The seven retrieval strategies serve as a comparison surface. Graph RAG excels at relational queries ("Who founded X?"), Vector RAG at semantic similarity, Agentic RAG at multi-step reasoning, and MACER at progressively refining context when one pass isn't enough. The closed-loop layer — LLM-as-a-Judge, noise analysis, efficiency metrics, and optimization suggestions — applies equally to all of them.
- Frontend: Streamlit
- LLM: Any OpenAI-compatible API (default: LM Studio at
localhost:1234) - Embeddings:
sentence-transformers/all-MiniLM-L6-v2(runs locally) - Reranker:
cross-encoder/ms-marco-MiniLM-L-6-v2 - Vector Store: ChromaDB (persistent, cosine similarity)
- Knowledge Graph: NetworkX (persisted to JSON)
- Agent: LangGraph ReAct with
search_vector,search_graph,verify_infotools - Clustering: scikit-learn k-means (FABLE hierarchy)
- Python: 3.13 required (3.14 breaks Pydantic v1 used by ChromaDB/LangChain)
# 1. Clone
git clone https://github.com/paloknath/rag_lab.git
cd rag_lab
# 2. Create venv with Python 3.13
python3.13 -m venv venv
source venv/bin/activate # Windows: venv\Scripts\activate
# 3. Install
pip install -r requirements.txt
# 4. Start your LLM server (e.g. LM Studio on port 1234)
# 5. Run
streamlit run app.py --server.headless trueOpen http://localhost:8501 in your browser.
- Upload PDF or TXT files via the sidebar and click Ingest
- Select a retrieval mode from the dropdown
- Chat — ask questions about your documents
- Compare — switch modes and ask the same question to see the difference
- Hybrid Alpha slider:
1.0= pure vector,0.0= pure BM25 - Reranking toggle: enable/disable cross-encoder reranking
- Graph Traversal Hops slider: 1–3 hops from matched entities (more hops = broader but potentially noisier context)
The Top-Down Branches slider controls how many cluster branches are explored during semantic hierarchy navigation. FABLE runs two retrieval paths simultaneously — a top-down semantic traversal from cluster summaries to leaf chunks, and a bottom-up vector search that gathers cluster context for matched documents.
The bi-path trace is shown in the Hierarchy Navigation Trace panel.

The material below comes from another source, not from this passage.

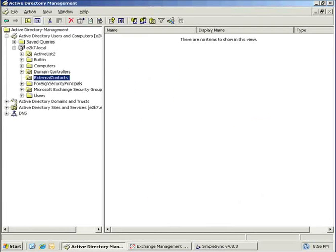Here is a view of the destination Exchange 2007 Active Directory Management Console. You can see we have manually created an OU called External Contacts. Our test connection will be configured to create mail-enabled contacts in this container.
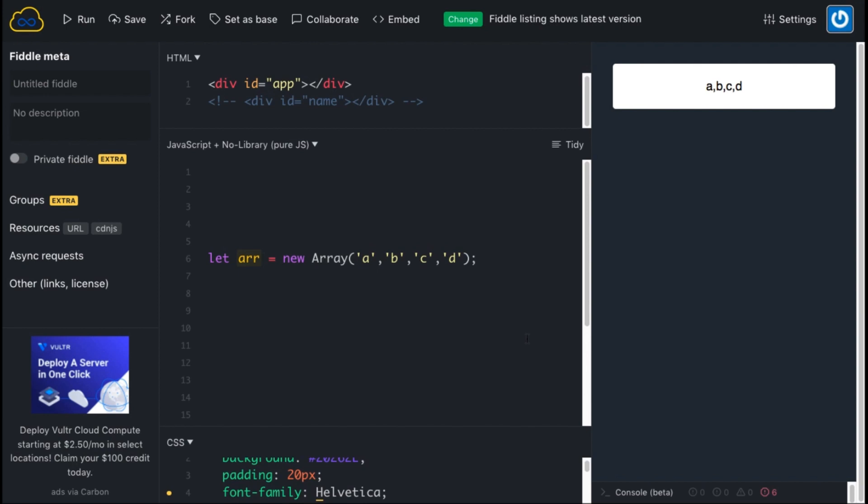Hi all, welcome to Front Row. In this video session we're going to understand how we can achieve insertion in JavaScript at any index. For an example here you can see we have an array which has elements a, b, c, d and it's being displayed here.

The Max Iterations slider caps the retriever-constructor-reflector loop. The loop exits early when the Reflector agent judges the accumulated context sufficient. The full iteration trace is shown in the Iteration Trace panel.
The agent's thinking process is shown in a live Agent Trace panel — you can see which tools it calls and why.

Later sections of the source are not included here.